The following constitutes Amendment No. 1 to the Schedule 13D filed by the undersigned (the "Amendment No. 1").  This Amendment No. 1 amends the Schedule 13D as specifically set forth herein.

Item 2. Identity and Background

Item 2(a)-(c) and (f) is hereby amended and restated to read as follows:

(a) - (c) This Statement is filed by Harris & Harris Group, Inc. (“Harris & Harris”), Daniel B. Wolfe and Douglas W. Jamison (each, a "Reporting Person"). Mr. Wolfe and Mr. Jamison may be deemed to have shared voting and shared dispositive power over the Common Stock owned by Harris & Harris (the "Shares") as result of their respective positions as President, Chief Financial Officer and Chief Compliance Officer (Mr. Wolfe) and Chief Executive Officer (Mr. Jamison) of Harris & Harris. The principal business address of each Reporting Person is 1450 Broadway, 24th Floor, New York, NY 10018. None of the Reporting Persons is considered to be part of a group, and this Schedule 13D has been filed by the Reporting Persons as a joint filing pursuant to Rule 13d–1(k)(1) promulgated by the Securities and Exchange Commission (“SEC”) under the Securities Exchange Act of 1934, as amended.

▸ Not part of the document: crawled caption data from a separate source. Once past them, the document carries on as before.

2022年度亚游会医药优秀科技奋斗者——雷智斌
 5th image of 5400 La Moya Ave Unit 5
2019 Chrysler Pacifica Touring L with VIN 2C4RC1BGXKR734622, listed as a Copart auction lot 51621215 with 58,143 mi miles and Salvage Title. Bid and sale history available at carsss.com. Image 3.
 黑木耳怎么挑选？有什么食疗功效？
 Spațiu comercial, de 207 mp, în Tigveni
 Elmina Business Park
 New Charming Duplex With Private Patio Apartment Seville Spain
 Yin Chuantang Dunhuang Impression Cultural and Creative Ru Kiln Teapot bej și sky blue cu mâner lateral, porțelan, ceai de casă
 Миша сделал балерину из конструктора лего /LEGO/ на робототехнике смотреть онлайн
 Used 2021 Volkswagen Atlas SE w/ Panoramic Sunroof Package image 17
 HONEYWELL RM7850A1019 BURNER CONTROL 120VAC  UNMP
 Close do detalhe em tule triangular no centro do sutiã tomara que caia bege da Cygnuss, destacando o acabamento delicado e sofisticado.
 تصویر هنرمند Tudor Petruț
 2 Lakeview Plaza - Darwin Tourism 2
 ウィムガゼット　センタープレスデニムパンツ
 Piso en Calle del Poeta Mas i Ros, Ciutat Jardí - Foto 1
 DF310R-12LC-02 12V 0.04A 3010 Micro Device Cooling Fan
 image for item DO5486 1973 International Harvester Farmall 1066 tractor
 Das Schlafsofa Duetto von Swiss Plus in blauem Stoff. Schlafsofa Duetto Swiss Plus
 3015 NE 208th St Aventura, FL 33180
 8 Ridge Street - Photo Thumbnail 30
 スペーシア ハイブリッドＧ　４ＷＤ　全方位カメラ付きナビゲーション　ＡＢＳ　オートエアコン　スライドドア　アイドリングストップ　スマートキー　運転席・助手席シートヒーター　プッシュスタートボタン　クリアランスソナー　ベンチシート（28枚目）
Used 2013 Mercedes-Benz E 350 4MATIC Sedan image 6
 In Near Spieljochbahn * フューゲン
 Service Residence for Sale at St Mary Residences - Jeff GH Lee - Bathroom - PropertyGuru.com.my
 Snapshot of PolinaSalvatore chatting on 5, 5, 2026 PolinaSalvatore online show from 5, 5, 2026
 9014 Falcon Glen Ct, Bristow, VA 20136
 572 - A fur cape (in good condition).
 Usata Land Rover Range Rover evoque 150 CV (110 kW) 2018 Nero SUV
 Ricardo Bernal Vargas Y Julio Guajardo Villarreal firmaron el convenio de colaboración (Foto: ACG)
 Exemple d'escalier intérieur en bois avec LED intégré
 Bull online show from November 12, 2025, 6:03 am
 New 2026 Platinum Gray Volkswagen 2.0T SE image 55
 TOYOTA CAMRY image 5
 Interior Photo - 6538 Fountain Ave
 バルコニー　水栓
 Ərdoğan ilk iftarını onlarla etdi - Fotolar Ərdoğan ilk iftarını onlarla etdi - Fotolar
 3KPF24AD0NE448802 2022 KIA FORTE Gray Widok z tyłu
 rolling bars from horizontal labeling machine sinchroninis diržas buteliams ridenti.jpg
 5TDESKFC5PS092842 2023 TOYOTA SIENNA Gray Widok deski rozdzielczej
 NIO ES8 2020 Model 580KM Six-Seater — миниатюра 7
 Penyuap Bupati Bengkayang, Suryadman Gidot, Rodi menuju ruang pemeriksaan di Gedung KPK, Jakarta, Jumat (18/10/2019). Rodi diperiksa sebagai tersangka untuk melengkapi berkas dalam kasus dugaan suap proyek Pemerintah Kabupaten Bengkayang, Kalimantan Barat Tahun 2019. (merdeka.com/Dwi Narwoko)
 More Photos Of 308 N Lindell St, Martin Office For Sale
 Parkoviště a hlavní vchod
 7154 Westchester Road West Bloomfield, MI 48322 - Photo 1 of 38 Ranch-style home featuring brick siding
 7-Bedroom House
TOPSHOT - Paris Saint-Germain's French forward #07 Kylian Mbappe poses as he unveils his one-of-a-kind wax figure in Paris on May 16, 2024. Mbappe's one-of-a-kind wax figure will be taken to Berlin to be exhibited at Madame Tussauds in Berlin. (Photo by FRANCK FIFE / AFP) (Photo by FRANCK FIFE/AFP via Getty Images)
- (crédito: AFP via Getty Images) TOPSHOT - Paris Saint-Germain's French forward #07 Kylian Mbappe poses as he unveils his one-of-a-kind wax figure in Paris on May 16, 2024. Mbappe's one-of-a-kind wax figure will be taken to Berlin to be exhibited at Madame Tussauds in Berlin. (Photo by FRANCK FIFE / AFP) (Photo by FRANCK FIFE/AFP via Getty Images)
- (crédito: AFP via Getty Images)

(f) Harris & Harris is a New York corporation, Mr. Wolfe and Mr. Jamison are citizens of the United States of America.

Item 4. Purpose of Transaction
Item 4 is hereby amended and restated to read as follows:

The description set forth in Item 3 of this Schedule 13D is incorporated herein by reference. Harris & Harris acquired such securities in the Company for investment purposes. Depending upon overall market conditions, other investment opportunities available to Harris, the availability of Shares at prices that would make the purchase of additional Shares desirable, or the market price at which Shares are then currently trading that would make the sale of Shares desirable (in either case, including market prices that may exist as a result of this filing or other filings by Harris), Harris may increase or decrease its position in the Issuer through, among other things, the purchase or sale of Shares on the open market or in private transactions or otherwise, on such terms and at such times as Harris may deem advisable. Harris does not have any present plan or proposal which would relate to or result in any of the matters set forth in subparagraphs (a) - (j) of Item 4 of Schedule 13D, except as set forth herein or such as would occur upon completion of any of the actions discussed herein.
 
Harris intends to review its investment in the Issuer on a continuing basis and to engage in discussions with management and the Board of Directors of the Issuer concerning the business, operations, corporate governance and future plans of the Issuer. Depending on various factors including, without limitation, the Issuer's financial position and investment strategy, the price levels of the Shares, conditions in the securities market and general economic and industry conditions, Harris may in the future take such actions with respect to their investment in the Issuer as they deem appropriate including, without limitation,

communicating privately or publicly with other stockholders, the Issuer's Board of Directors or other persons;
making proposals or director nominations to the Issuer;
soliciting proxies with respect to proposals or director nominees made by Harris;
supporting proposals or director nominations made by Harris or other stockholders;
purchasing additional Shares or selling some or all of their Shares; or
changing their intention with respect to any and all matters referred to in this Item 4.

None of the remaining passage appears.